T-SPIHT is a specially designed form of SPIHT that compresses large images in tiles. Remote sensing, geographical, and meteorological data are often handled in tiles rather than all at once. Therefore, systems for processing such data would prefer to use a compression by tiles. T-SPIHT can efficiently compress, with constant quality and without tile boundary artifacts, large image or data sets, whether in tile format or not. In fact, the compression is significantly more efficient than JPEG2000 in its tiled compression mode.
P-SPIHT is especially designed to efficiently compress small grayscale and color images. It is more efficient in this application than JPEG2000 or any other competing software. It is ideal for storage of photo IDís on plastic cards with magnetic strips.
PROGRES (Progressive Resolution Decompression)
PROGRES is a progressive resolution, extremely fast version of SPIHT that has full capability of random access decoding. It chooses a quality factor for lossy compression of any size image and can decompress a given arbitrary region to any resolution very quickly. It comes either in a command line version for WINDOWS/DOS or UNIX (or Linux) or with additional region-of-interest (ROI) encoding and decoding in a UNIX (or Linux) GUI version. It is an excellent choice for remote sensing and GIS applications, where rapid browsing of large images is necessary.

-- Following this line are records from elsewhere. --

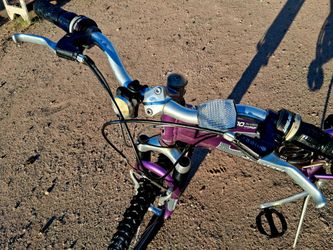 mountain bike  26 in. w / aluminum frame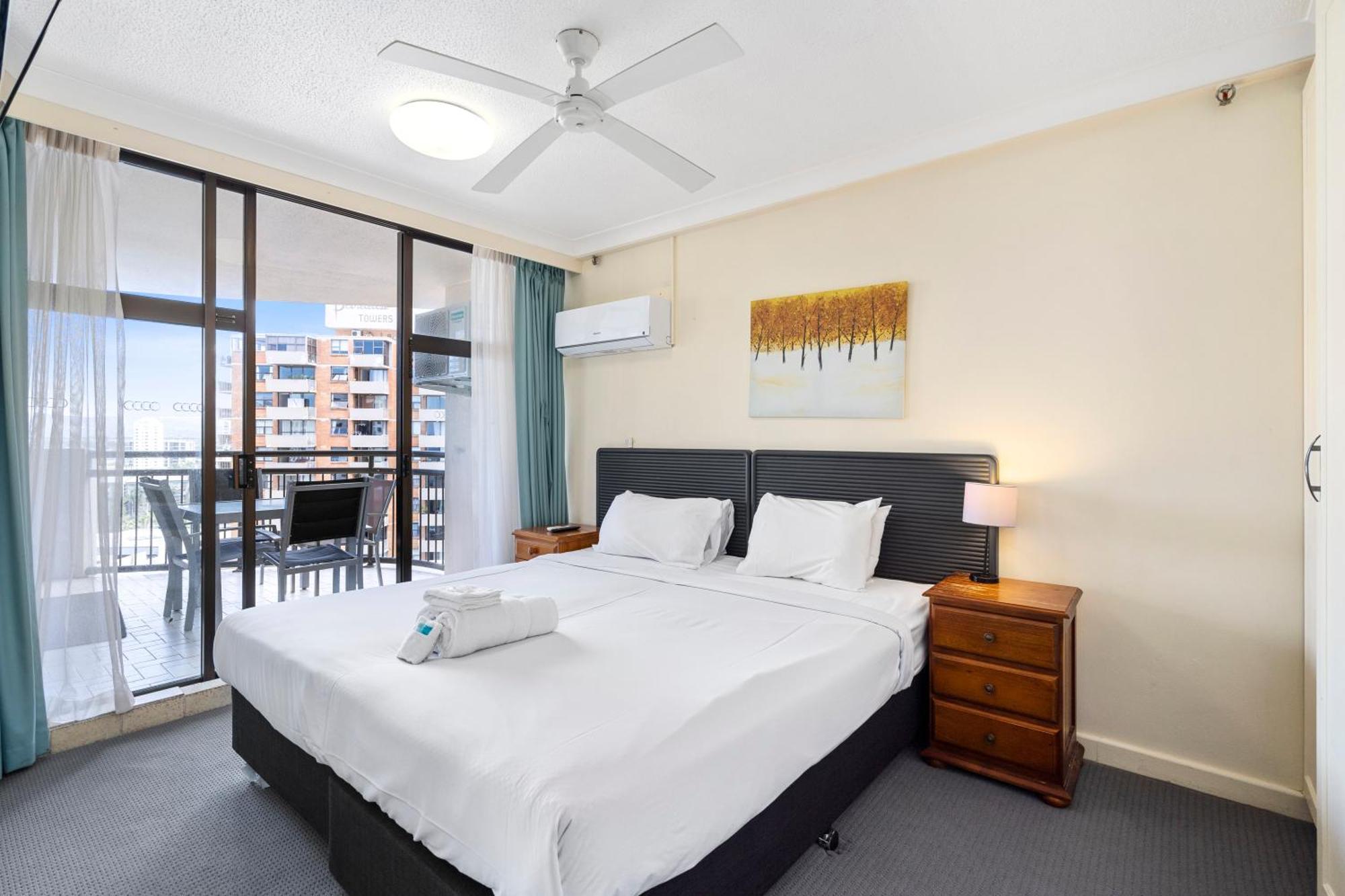 Aparthotel Beachcomber - Official Gold Coast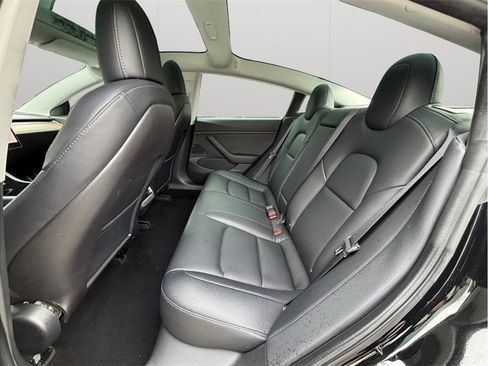 Used 2018 Tesla Model 3 Mid Range image 33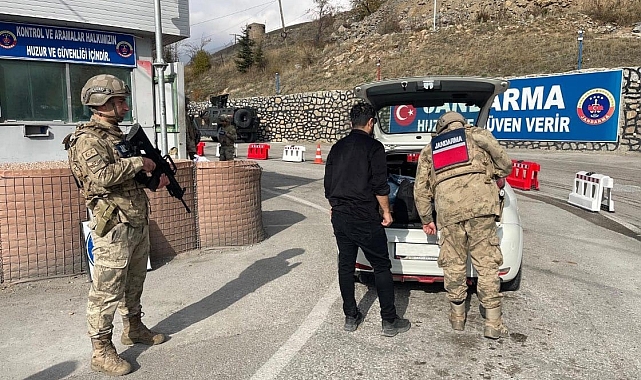 Van&#039;da ürütülen çalışmalar sonucunda çeşitli suçlardan 14 kişi tutuklandı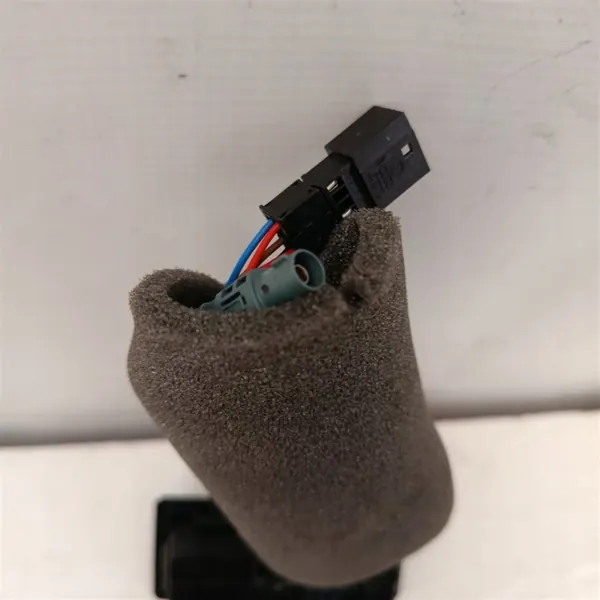 Caméra de recul OEM 3V0827566A pour Skoda Superb III image 4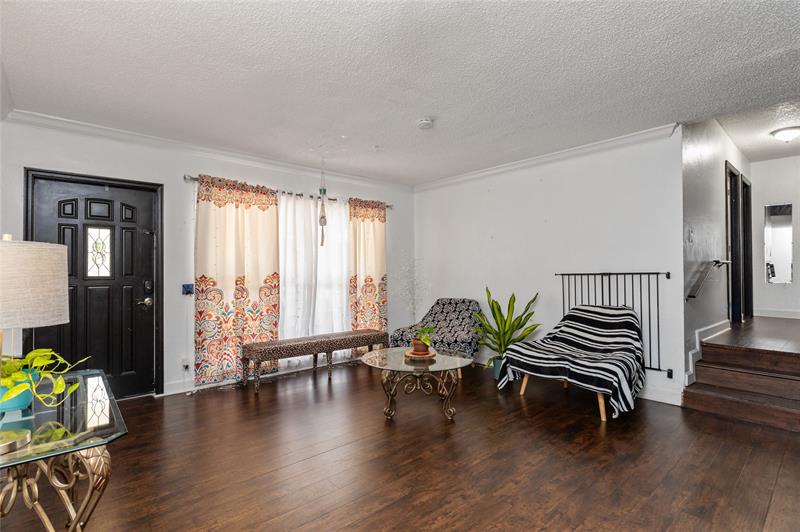 Image 4 of 31 For 2241 46th Ter
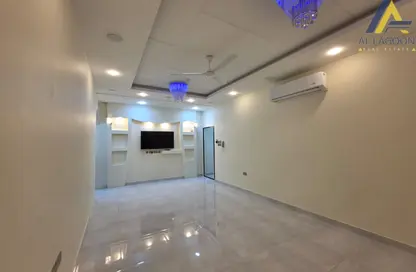 Apartment - 4 Bedrooms - 4 Bathrooms for sale in Alhajiyat - Riffa - Southern Governorate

PROGCODE (Lossless & Progressive)
PROGCODE is our pioneering progressive lossy to purely lossless (reversible) greyscale compression algorithm. It sets the standard for lossless compression. For larger images, the compression is still efficient, but the larger memory utilization slows down execution. This algorithm can efficiently compress medical images either lossless or with any desired rate. Moreover, the lossless file can act as an archive in a file server, from within which any desired lossy lower rate file can be extracted and decompressed directly without offline processing. This software is also ideal for multi-user storage or transmission systems, where users with different capabilities and requirements can receive the image to their desired accuracy from a single file or transmission.
SPM (Fastest Lossless!)
SPM software is especially designed for lossless and lossy compression of medical images. The method is not based on SPIHT, but on our patented quadrature splitting algorithm called AGP (for Amplitude and Group Partitioning). SPM calls for a quality factor, with 0 giving perfectly lossless compression. Because the intended application is medical images, the allowed lossy compression adheres to degrees of high quality. The outstanding characteristics of SPM, besides efficiency, are very fast compression and decompression, regardless of image size. It comes either in a command line version for WINDOWS/DOS or UNIX (or Linux) or in a WINDOWS GUI version. All versions allow reduced resolution decoding from a single compressed file.